Pero volvamos a la idea que quiero contarles “somos amigos” suena como una sentencia. Una sentencia que se define en dos casos: la primera, cuando se habla para el palco, cuando la publicidad nos obliga (el marketing que le llaman). La otra, cuando no se la habla sino que se la vive. La primera se convierte en una obligación, la segunda en fruto del compromiso real y constante.

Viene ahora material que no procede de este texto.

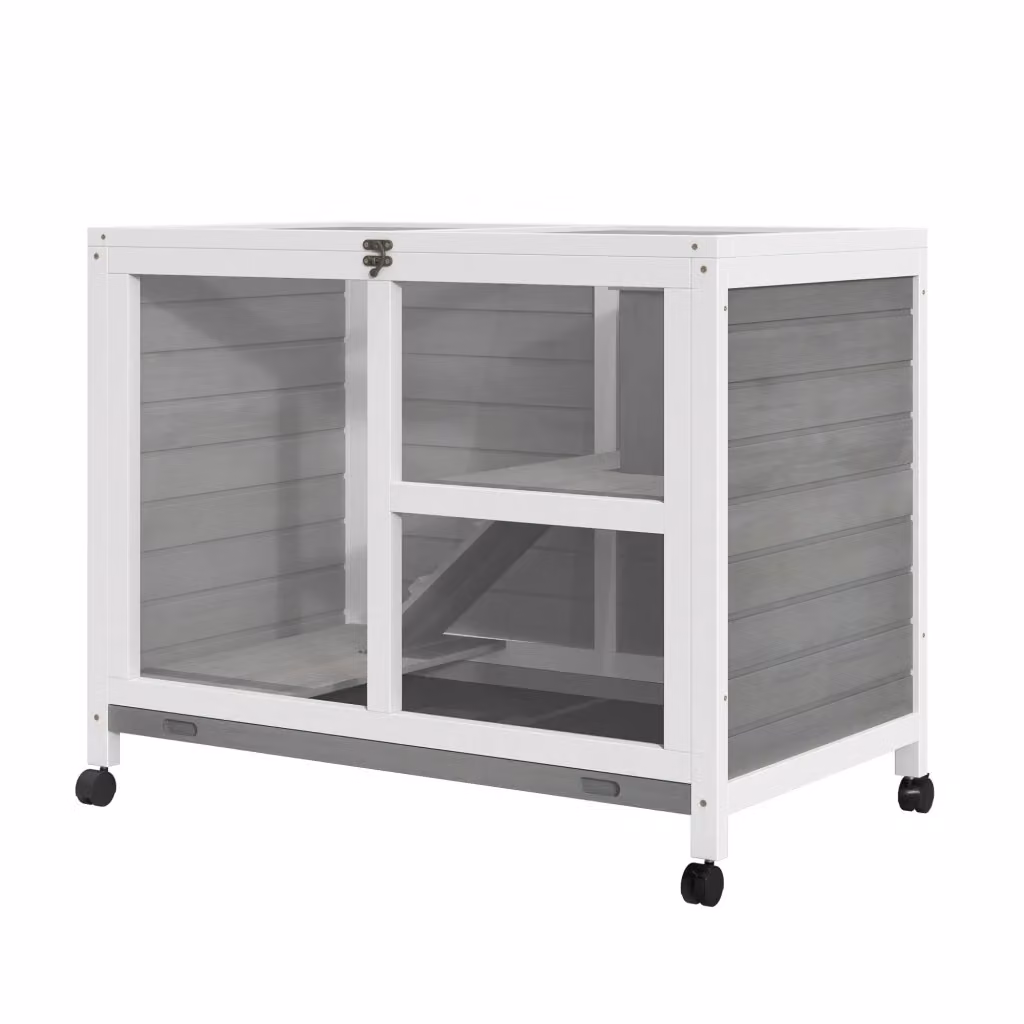 Gabbia per piccoli animali Zephmum a 2 livelli in legno di abete grigio con ruote – 2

Siempre consideré que la amistad es algo que surge entre las personas cuando las circunstancias iniciales, las que permiten iniciar vínculos, desaparecen. Por decirlo de otro modo: en vacaciones todos somos amigos. Pero, lo que importa, es cuando esa situación termina y comienza el día a día, aquellos que hacen que los pequeños o grandes problemas aparezcan. Ahí, en esos momentos, es cuando la amistad toma su verdadero color y el resto se desvanece. O sea, podríamos decir como un primer "axioma": nunca hables de amistad en medio de circunstancias fortuitas.
La aceptación de la diferencia implica saber, con claridad, que se puede contar con el otro, a partir de cada una de nuestras limitaciones. Así, tengo amigos con los que no puedo hablar, tal vez como me guste, con la intención de ser deliradamente profundos. Pero sé que ellos, sin tener que recurrir a ninguna concepción filosófica, son capaces de hacer por mí lo necesario. Algunos toleran mis devaneos epistemológicos, por llamarlos de algún modo, otros hasta se ríen de ellos, pero todos me ofrecen a cambio el equilibrio, la confianza y el “estoy presente”.